In 2015 his urgent advocacy helped bring about the $35 million federal Drought Communities Program to stimulate drought-ravaged communities in rural Australia.
Three years later, Queensland LNP Senator Barry O’Sullivan is calling on his government to initiate a fresh round of funding.
Speaking from Longreach last week, Mr O’Sullivan announced that he had written to the Prime Minister advising that for many grazing businesses and towns in the state’s west, circumstances were no better than they were three years ago.
“While there’s been some relief in some areas, for those who have not had relief, you can only imagine, if the circumstances were bad in 2015, how bad they are in 2018,” he said.
“There are people now into their second and third year surviving by eroding their equity in their asset base. In effect they’re borrowing money to subsidise their entire life, top to bottom.
“Even if there were a return to better fortunes today, they’re still 20 to 30 months off a cash flow.”
He said it was no secret that he favoured schemes such as cluster fencing and prickly acacia control as the best ways to deliver the stimulus needed.
The current Drought Communities Program began in the 2015-16 financial year and was set to run for four years, offering eligible councils up to $1.5 million to fund shovel-ready projects.
“These are ways we can immediately get money into the community and employ people,” Mr O’Sullivan said. “On payday they go to the baker shop, then the baker goes and fuels his car and so on.”
As to the scale of assistance required three years later, Mr O’Sullivan said it should be relative to the 2015 package, but it was something he expected to discuss directly with the Prime Minister when they returned to federal Parliament in a couple of weeks.
2015 flashback
Flashback to Queensland Country Life reports in April 2015, at the end of a wet season that didn’t eventuate, and a grim picture was being painted across western Queensland.
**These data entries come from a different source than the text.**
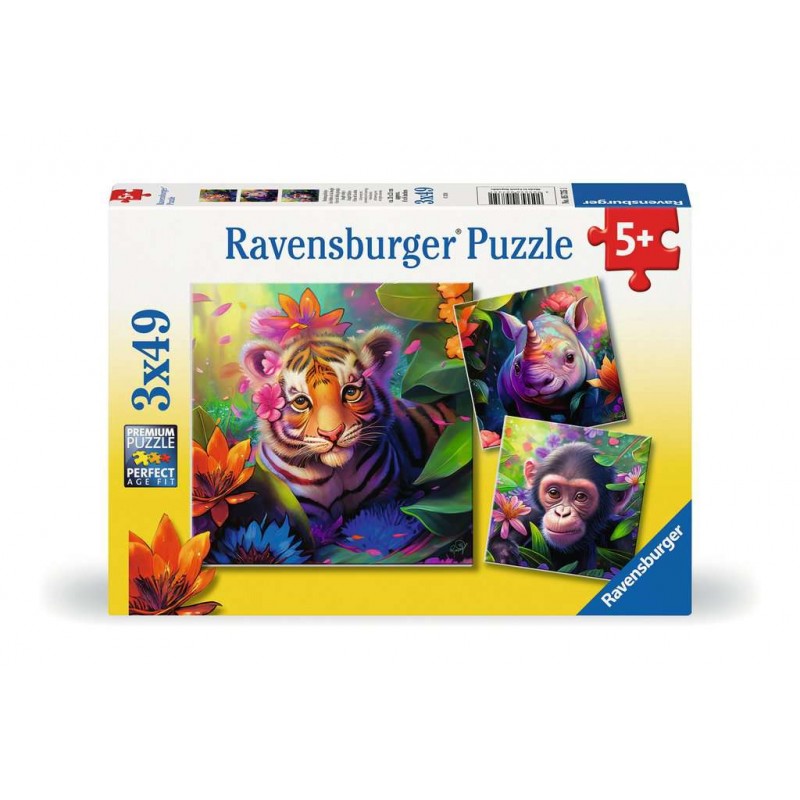 Ravensburger - Puzzles 3x49 pièces - Les bébés de la jungle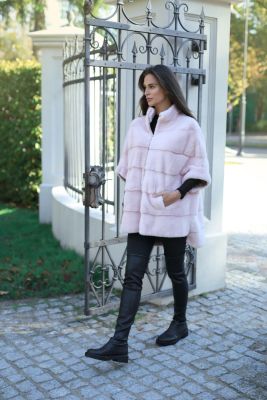 Mink fur poncho in pink colour 
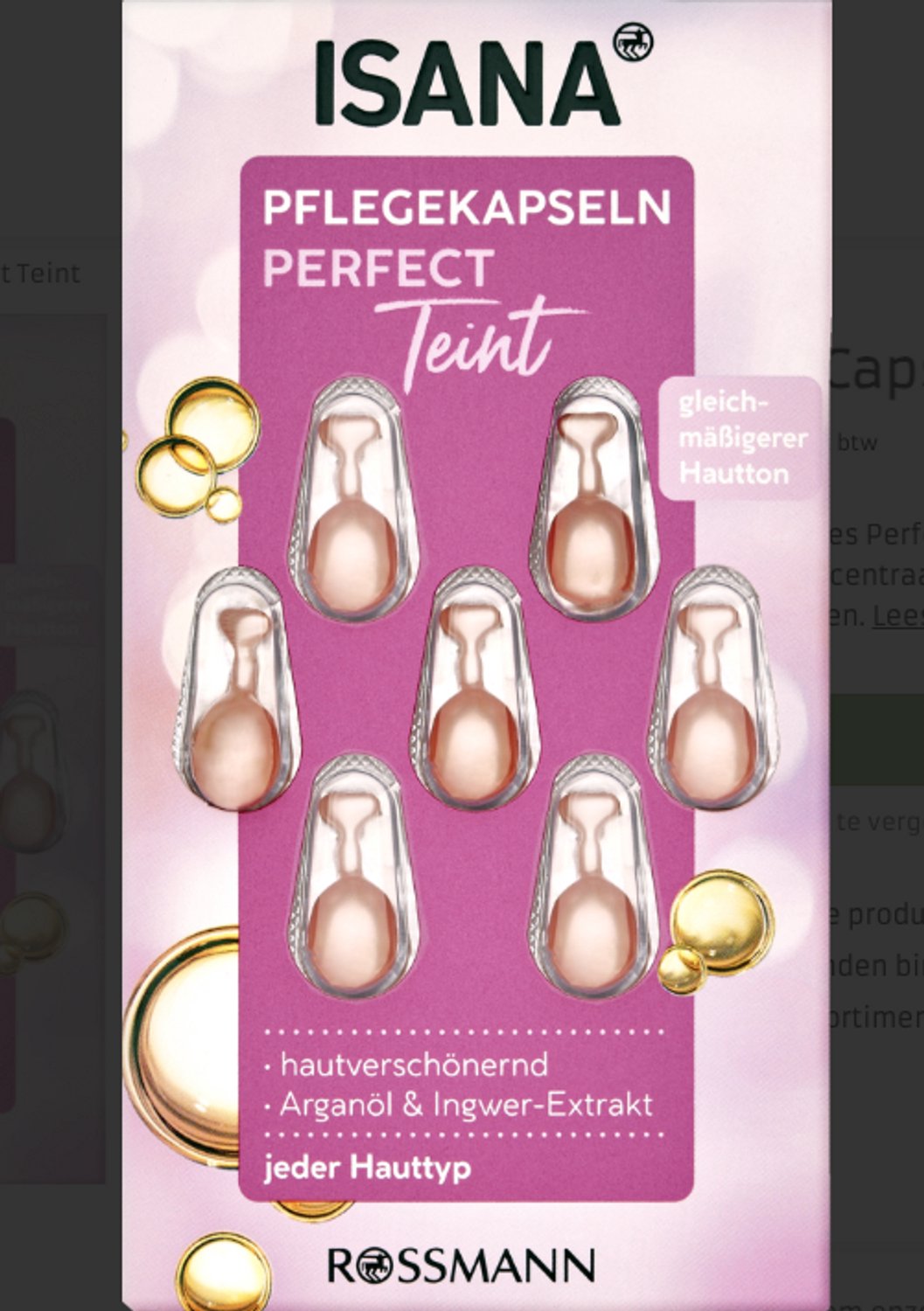 ISANA Perfect Teint Concentraat Capsules - COMBI-verpakking 2 x 7 stuks - Met arganolie & gember - 14 capsules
Business turnover declines of 50 to 60 per cent, school enrolments plummeting – they were all symptoms of an economy in rapid collapse as a severe drought began morphing into a general rural crisis.
As wheels began turning within Abbott government quarters for an economic stimulus package, a committee based around Longreach started up the Western Queensland Drought Appeal, as much to raise urban awareness as to raise financial relief.
At its height, passengers were filling jet charter flights for weekend splurges in Longreach.
Resilience building essential
Programs that build resilience have been identified as the key to managing the effects of recurring drought conditions in rural Australia.
This was one of the recommendations of a report prepared by Dana Kelly for the Western Queensland Drought Appeal.
Titled Beyond the Dust, the final report was released at the end of March but will be launched publicly at the Longreach show in the middle of May.
Its findings, collated after in-depth interviews with 83 people across the central west in 2015, 35 of them small town businesses, have been described as providing a model for all parts of regional Australia.
Its instigators say its findings of severe financial hardship and high levels of stress were the only empirical pieces of evidence gathered throughout the crisis.
The recognition that requests for assistance had to be backed up by evidence-based policy advice were a motivating factor in the commissioning of the report.
The first step it recommended to build resilience was to support and enhance local governance, ensuring that local people were provided with opportunities to actively engage in decision-making processes.
“The high level of adaptability to change in this region means that investment is likely to be well used,” it said.
“When matched with significant local effort with highly motivated volunteers, investment has a significant multiplier effect in these small communities.
“The many examples of successful partnerships, networks and innovative businesses give hope to this region surviving drought and building resilience to withstand future challenges.”
Decentralisation key to resilience
Centralised capital city models of assistance and ‘experts’ arriving to solve a community’s problems for them were two of the roadblocks to rural resilience identified in the Beyond the Dust report.
Its author, Dana Kelly, said regional towns around the central west were quite diverse and it was important to understand differences within and between them.
The report listed 17 major recommendations to build resilience to ongoing drought, putting the decentralisation of the public service and government departments high on the list.
Dana said a more collaborative approach with local decision-making was perhaps the greatest need in rural and remote areas to help communities cope with inevitable change.
Doing this would help address both the symptoms and causes of the challenges, she said.
Using a DUST analogy, she composed a message that “when decision-makers Decide to act [D], these recommendations incorporate strategies to help Understand the local context [U], Support local capacities and institutions [S] and transform towards collaborative local governance [T]”.
This includes improving whole-of-government planning for services, including basing relevant public servants in regional towns.